Exercise goal: Give the lines below again exactly, starting with the line that holds "Pleated Bag Skirt" and going on through the line that holds "F.franken II (1581-1642)-photo-3".

Input material:

───

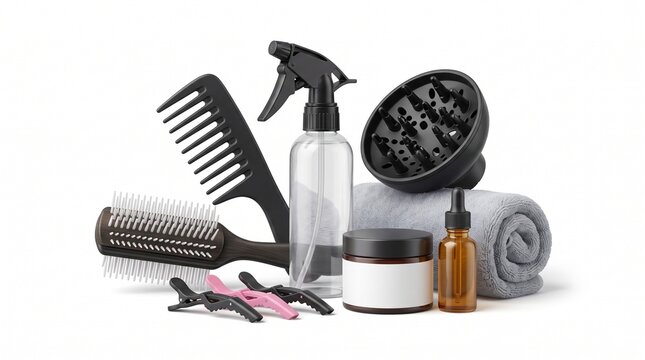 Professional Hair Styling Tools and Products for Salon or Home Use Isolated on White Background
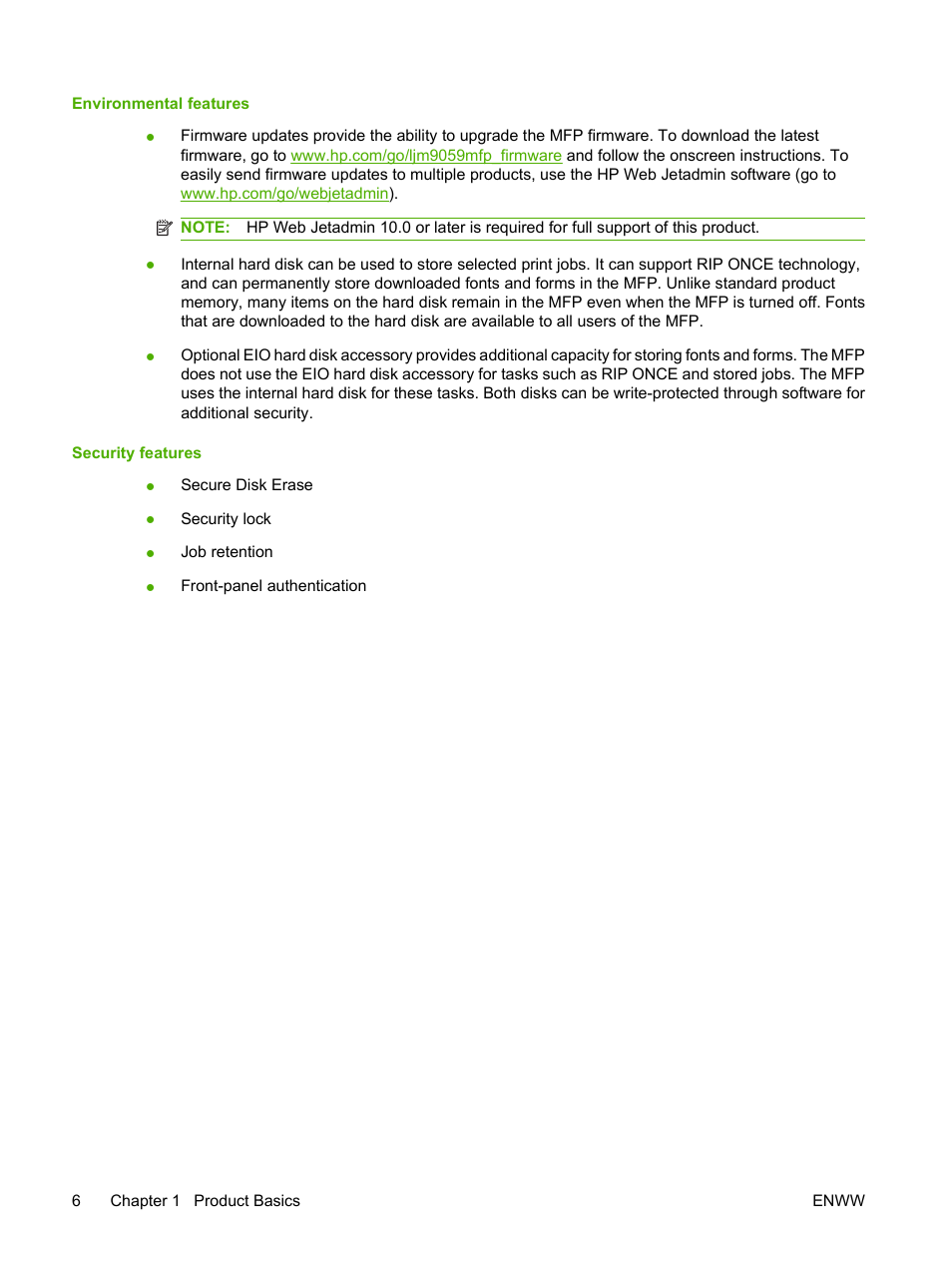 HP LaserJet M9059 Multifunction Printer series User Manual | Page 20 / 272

───

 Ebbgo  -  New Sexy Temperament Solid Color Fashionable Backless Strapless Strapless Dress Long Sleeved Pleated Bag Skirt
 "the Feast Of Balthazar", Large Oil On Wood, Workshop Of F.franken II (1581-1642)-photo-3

───

Result of this task:
 Ebbgo  -  New Sexy Temperament Solid Color Fashionable Backless Strapless Strapless Dress Long Sleeved Pleated Bag Skirt
 "the Feast Of Balthazar", Large Oil On Wood, Workshop Of F.franken II (1581-1642)-photo-3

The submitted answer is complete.